By Alex T Magaisa
ONE of the key areas of the law regulating companies relates to the duties of directors. Also related to this is the issue of directors’ liability for breaches of such duties.
The purpose of this article is to highlight some possible reforms to the current law on directors’ duties and liabilities, using the current company law reform process in the UK as an example of what might be done.
I reiterate that the reason for using the UK template is that Zimbawean company law is basically based on both the statutory and common law position in the UK, for obvious historical reasons.
It is not my intention to give a lecture on directors’ duties but will briefly mention that they include the duties of care and skill. Basically, the duties are owed to the company.
In other words, the duties primary role is to advance and protect the interests of the company. The law on directors’ duties is based on case law. Through the determination of disputes the courts have developed a set of rules governing the duties owed to the company. There is no specific statutory statement of duties save for minor references in the Companies Act.

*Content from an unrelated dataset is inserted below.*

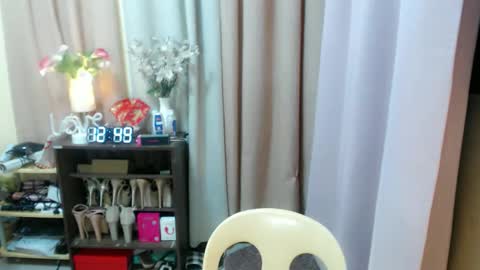 Snapshot of sweetytrannygirlxx chatting on 01/07/26, 04:48 Megan online show from 01/07/26, 04:48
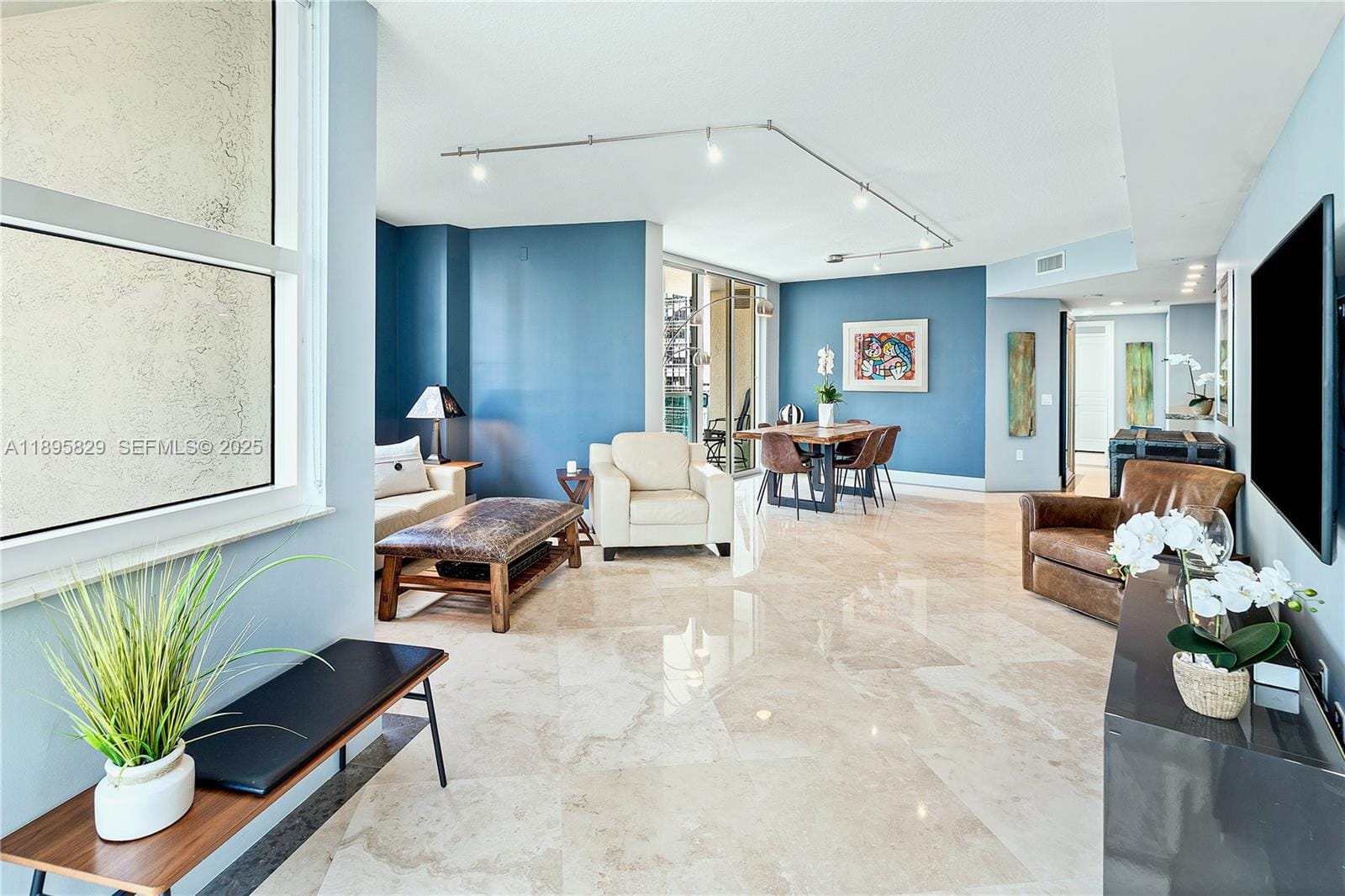 350 SE 2nd Street 1430, Fort Lauderdale, FL 33301 photo 3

Consistent with the law maxim that ignorance of the law is no defence, there is an assumption that everyone knows or should know the duties of directors and the laws applying in that area.
Consequently, those who take up directorships are assumed to know what their duties are and the rules relating to liability for breach.
Given that most of these duties are case-law based, this assumption appears to be baseless when one considers that very few people have access to case law other than those who have received some minimum legal training.
However, this does not just affect directors. It also affects shareholders who are also assumed to know the duties that directors owe to the company and the avenues that are available to them to enforce the duties.
The common law also offers the avenue of the derivative action by which shareholders can take action on the company’s behalf, against deviant directors.
However, not only is it very difficult to use this action, but it is not widely known by shareholders who should make use of it. How do shareholders play a role in enforcing the duties if they do not know what avenues are available to them?
Given this situation, it is possible that apart from economic factors, ignorance, rather than the lack of grievances explains the limited levels of shareholder activism in corporate affairs.
In order to deal with these shortcomings, the reform in the UK has taken the route of ensuring that the duties of directors are not shrouded in secrecy.
The twin aims are to enhance certainty and to make the rules more widely known and accessible by directors, shareholders and other stakeholders.
The reforms will include making a statutory statement of the duties of directors to replace the common law and equitable rules. In making this statement, the legislature will aim to have duties that reflect the modern business needs and expectations of the wider pool of stakeholders. They have termed the approach “enlightened shareholder value” which in effect might also be termed the stakeholder approach.
The principle underpinning this approach is that in exercising duties, directors must promote the basic goal of ensuring the success of the company for shareholders’ benefit and in doing so must take account of the long term implications, employees’ welfare and interests, consumers’ and suppliers’ interests as well as the interests of the wider community.
The company ought to be commercially successful but also taking responsibility for wider interests. The same approach will apply to the remedies for breach of duties in that there will be a restatement of the common law and equitable rules to ensure certainty and wide knowledge across the market.
The statutory statement of duties will leave room for courts to interpret and develop provisions as appropriate to enable the development of the law in line with changing business needs and circumstances.
In addition, there will be provision of separate guidance in plain language to enable users to have access of the rules. These changes should at least bring major issues in company law closer to the people who use them thereby enhancing the potential for a more useful role in the governance of companies.
As far as liability is concerned the reforms are guided by two counter-balancing concerns. First, there is a desire to ensure that there are strong laws to deal with cases of negligence and dishonesty on the part of directors. At the same time there is a need to retain a large and diverse pool of qualified persons who are willing and prepared to take up directorships.
On the one hand, too much risk of personal liability may scare off high-quality candidates for directorships but too much protection might also lead to moral hazard whereby unscrupulous individuals may take on unnecessary risk which can be damaging. There were statutory developments in 2004 which provided for companies to provide indemnity to directors against most liability to third parties.
Companies can also pay the directors’ legal costs upfront. However, there is a condition that the director will be required to repay the company if he or she is convicted in any criminal proceedings or judgement is given against him/her in any civil proceedings brought by the company or an associated company.
There is still further consideration with regard to whether there should be further reform to allow companies to limit directors’ liability to the company for breach of duty of care, skill and diligence.
In conclusion, it is clear that the reform process in the UK is guided by the desire to make the law more accessible to users. The more knowledge and information the stakeholders have, the better they are able to make informed decisions.
It is expensive and time consuming to always resort to professional advisors for simple issues that can be handled internally. Indeed if people who need to use the law do not know the laws because they are not clearly stated, it becomes very difficult for them to carry out their responsibilities.
It is difficult in such a scenario, to effectively promote corporate governance. I have sought to bring to the attention of interested stakeholders these developments in a jurisdiction on which law ours is largely designed in the hope that it may spur debate on how to enhance our own corporate landscape.